Since other input functions, including scanf, are supposed to act as if implemented by repeated calls to fgetc, EOF should be sticky for them, too. If you want to continue reading after you receive an EOF return, you should call clearerr() on the stream. (Or something else which resets the indicator, such as seek().)
For many years, the Gnu implementation of the standard C library did not follow the standard. It only reported EOF once, leaving the next fgetc to wait for more input on devices like terminals and pipes. The bug, reported in 2006, was finally fixed in v2.28, released in August 2018, although that might not yet be part of the Centos distro.
[Note: there is a longer discussion about this behaviour in this answer, including a now-outdated grump (by me) and some links to historic discussions about the issue.]
In any case, it has always been clear that portable code should call clearerr(), since BSD-derived standard library implementations (including MacOS) follow the standard as quoted above.

Why does an fread loop require an extra Ctrl+D to signal EOF with glibc?
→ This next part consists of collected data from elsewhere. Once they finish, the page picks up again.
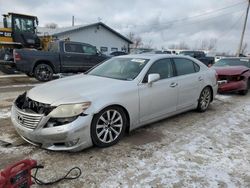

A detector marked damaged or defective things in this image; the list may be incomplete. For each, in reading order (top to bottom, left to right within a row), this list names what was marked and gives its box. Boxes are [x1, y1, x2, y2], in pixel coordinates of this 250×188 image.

damaged front bumper [10, 105, 93, 152]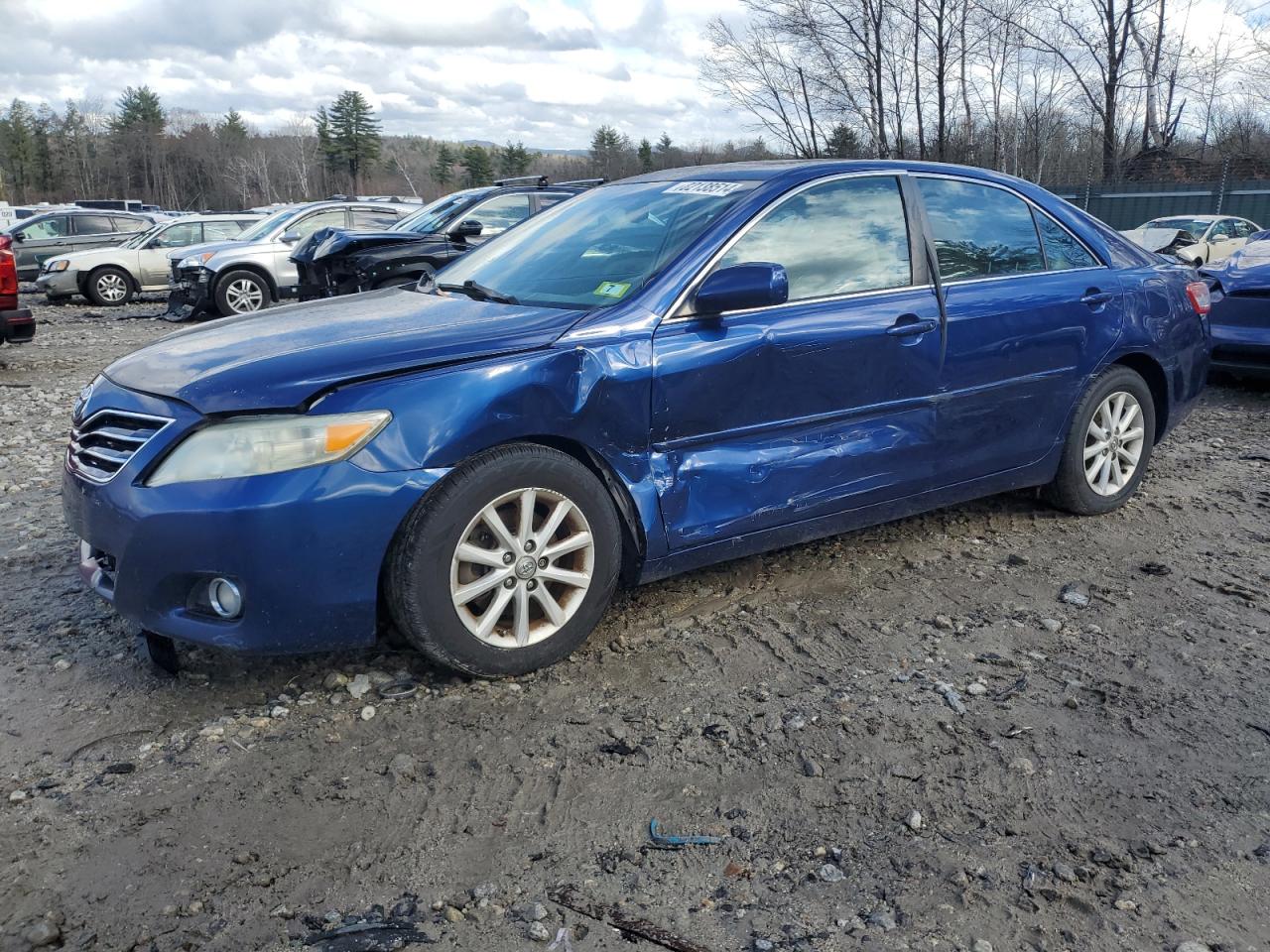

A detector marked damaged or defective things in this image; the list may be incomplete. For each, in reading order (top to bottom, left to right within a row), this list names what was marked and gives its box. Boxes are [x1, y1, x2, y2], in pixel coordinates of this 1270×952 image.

wrecked vehicle [164, 200, 417, 319]
wrecked vehicle [290, 177, 603, 299]
wrecked vehicle [1119, 213, 1262, 264]
wrecked vehicle [1199, 231, 1270, 379]
damaged blue sedan [62, 162, 1206, 678]
wrecked vehicle [62, 162, 1206, 678]
damaged subaru [66, 162, 1206, 678]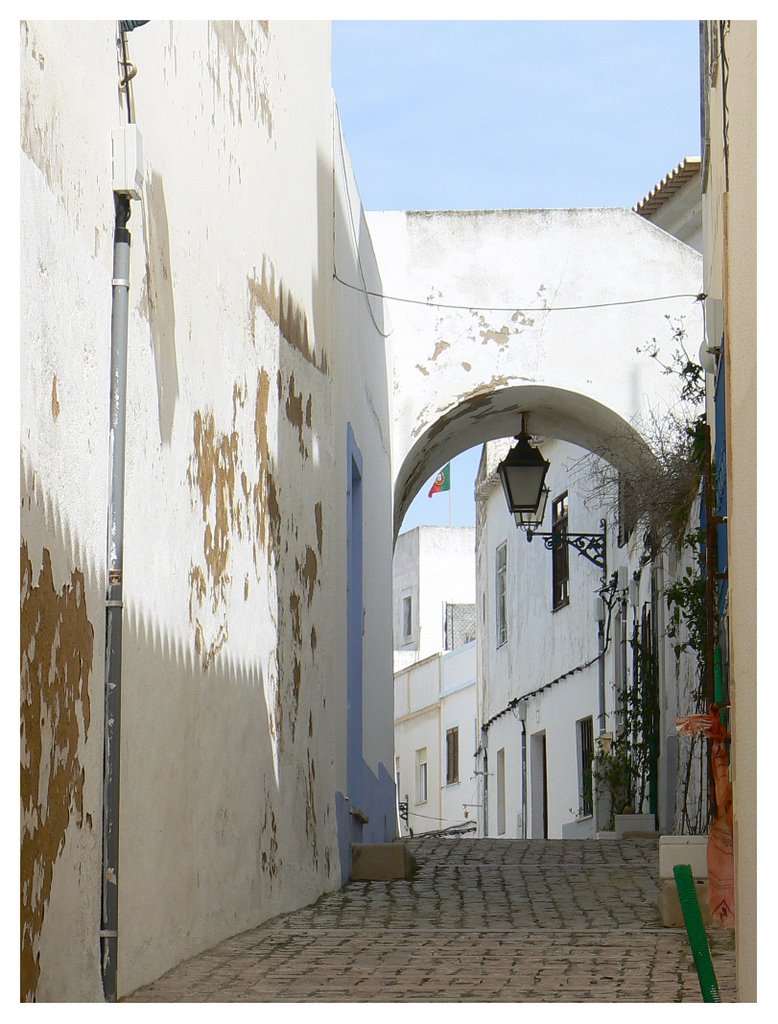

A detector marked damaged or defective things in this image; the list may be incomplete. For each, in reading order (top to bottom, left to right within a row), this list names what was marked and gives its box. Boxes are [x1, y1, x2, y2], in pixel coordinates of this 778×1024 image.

peeling plaster wall [22, 22, 398, 1000]
peeling plaster wall [364, 207, 704, 528]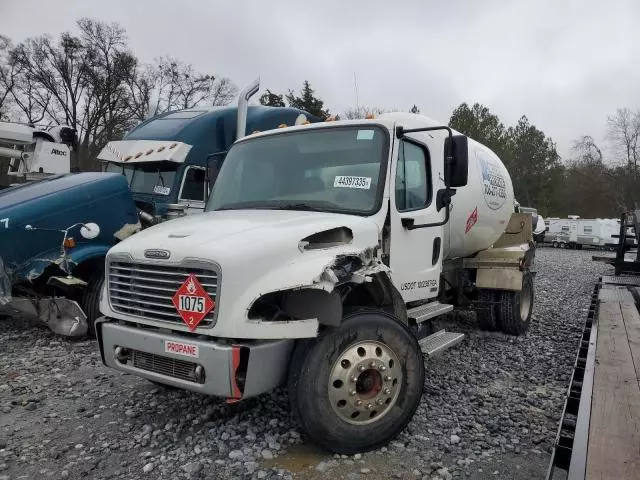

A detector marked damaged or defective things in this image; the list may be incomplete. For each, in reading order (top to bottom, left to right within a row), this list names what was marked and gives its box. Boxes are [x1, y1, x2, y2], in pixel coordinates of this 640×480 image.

cracked hood [107, 209, 382, 264]
damaged front bumper [97, 318, 296, 402]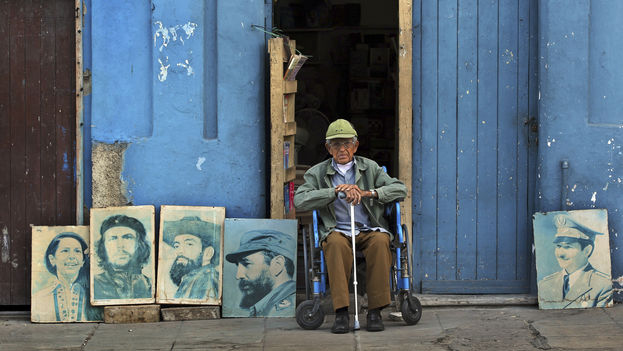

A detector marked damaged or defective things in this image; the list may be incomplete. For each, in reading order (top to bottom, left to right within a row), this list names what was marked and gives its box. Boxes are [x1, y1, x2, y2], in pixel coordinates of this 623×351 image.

rusty stain on wall [92, 142, 131, 209]
pavement crack [80, 324, 100, 350]
pavement crack [524, 320, 552, 350]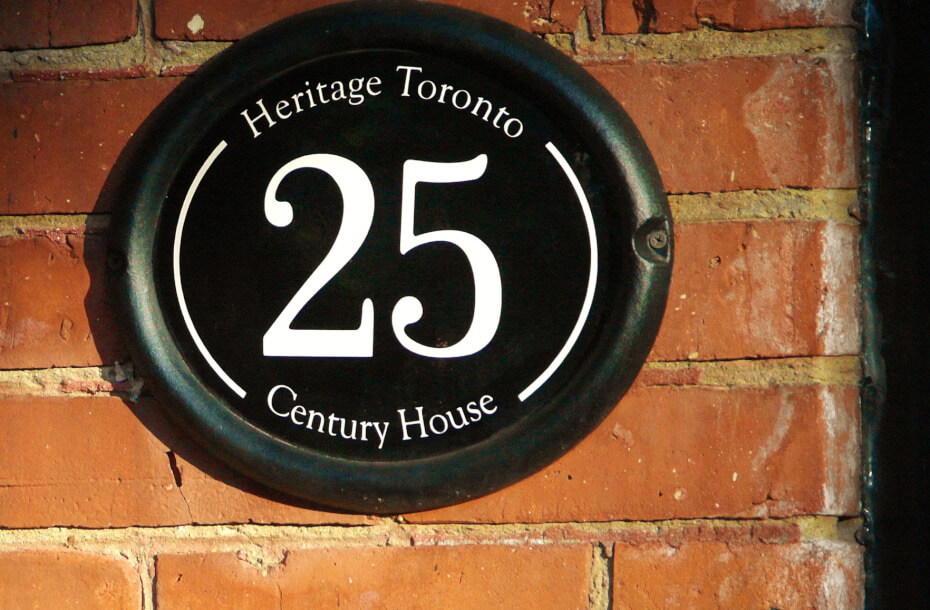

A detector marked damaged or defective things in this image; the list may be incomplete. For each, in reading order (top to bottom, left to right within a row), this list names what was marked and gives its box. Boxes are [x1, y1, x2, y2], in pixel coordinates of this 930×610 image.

Normally, to indicate EOF to a program attached to standard input on a Linux terminal, I need to press Ctrl+D once if I just pressed Enter, or twice otherwise. I noticed that the patch command is different, though. With it, I need to press Ctrl+D twice if I just pressed Enter, or three times otherwise. (Doing cat | patch instead doesn't have this oddity. Also, If I press Ctrl+D before typing any real input at all, it doesn't have this oddity.) Digging into patch's source code, I traced this back to the way it loops on fread. Here's a minimal program that does the same thing:
#include <stdio.h>
int main(void) {
char buf[4096];
size_t charsread;
while((charsread = fread(buf, 1, sizeof(buf), stdin)) != 0) {
printf("Read %zu bytes. EOF: %d. Error: %d.\n", charsread, feof(stdin), ferror(stdin));
}
printf("Read zero bytes. EOF: %d. Error: %d. Exiting.\n", feof(stdin), ferror(stdin));
return 0;
}
When compiling and running the above program exactly as-is, here's a timeline of events:
My program calls fread.
fread calls the read system call.
I type "asdf".
I press Enter.
The read system call returns 5.
fread calls the read system call again.
I press Ctrl+D.
The read system call returns 0.
fread returns 5.
My program prints Read 5 bytes. EOF: 1. Error: 0.
My program calls fread again.
fread calls the read system call.
I press Ctrl+D again.
The read system call returns 0.
fread returns 0.
My program prints Read zero bytes. EOF: 1. Error: 0. Exiting.
Why does this means of reading stdin have this behavior, unlike the way that every other program seems to read it? Is this a bug in patch? How should this kind of loop be written to avoid this behavior?
UPDATE: This seems to be related to libc. I originally experienced it on glibc 2.23-0ubuntu3 from Ubuntu 16.04. #Barmar noted in the comments that it doesn't happen on macOS. After hearing this, I tried compiling the same program against musl 1.1.9-1, also from Ubuntu 16.04, and it didn't have this problem. On musl, the sequence of events has steps 12 through 14 removed, which is why it doesn't have the problem, but is otherwise the same (except for the irrelevant detail of readv in place of read).
Now, the question becomes: is glibc wrong in its behavior, or is patch wrong in assuming that its libc won't have this behavior?
I've managed to confirm that this is due to an unambiguous bug in glibc versions prior to 2.28 (commit 2cc7bad). Relevant quotes from the C standard:
The byte input/output functions — those functions described in this subclause that perform
input/output: [...], fread
The byte input functions read characters from the stream as if by successive
calls to the fgetc function.
If the end-of-file indicator for the stream is set, or if the stream is at end-of-file, the end-of-file indicator for the stream is set and the fgetc function returns EOF. Otherwise, the fgetc function returns the next character from the input stream pointed to by stream.
(emphasis on "or" mine)
The following program demonstrates the bug with fgetc:
#include <stdio.h>
int main(void) {
while(fgetc(stdin) != EOF) {
puts("Read and discarded a character from stdin");
}
puts("fgetc(stdin) returned EOF");
if(!feof(stdin)) {
/* Included only for completeness. Doesn't occur in my testing. */
puts("Standard violation! After fgetc returned EOF, the end-of-file indicator wasn't set");
return 1;
}
if(fgetc(stdin) != EOF) {
/* This happens with glibc in my testing. */
puts("Standard violation! When fgetc was called with the end-of-file indicator set, it didn't return EOF");
return 1;
}
/* This happens with musl in my testing. */
puts("No standard violation detected");
return 0;
}
To demonstrate the bug:
Compile the program and execute it
Press Ctrl+D
Press Enter
The exact bug is that if the end-of-file stream indicator is set, but the stream is not at end-of-file, glibc's fgetc will return the next character from the stream, rather than EOF as the standard requires.
Since fread is defined in terms of fgetc, this is the cause of what I originally saw. It's previously been reported as glibc bug #1190 and has been fixed since commit 2cc7bad in February 2018, which landed in glibc 2.28 in August 2018.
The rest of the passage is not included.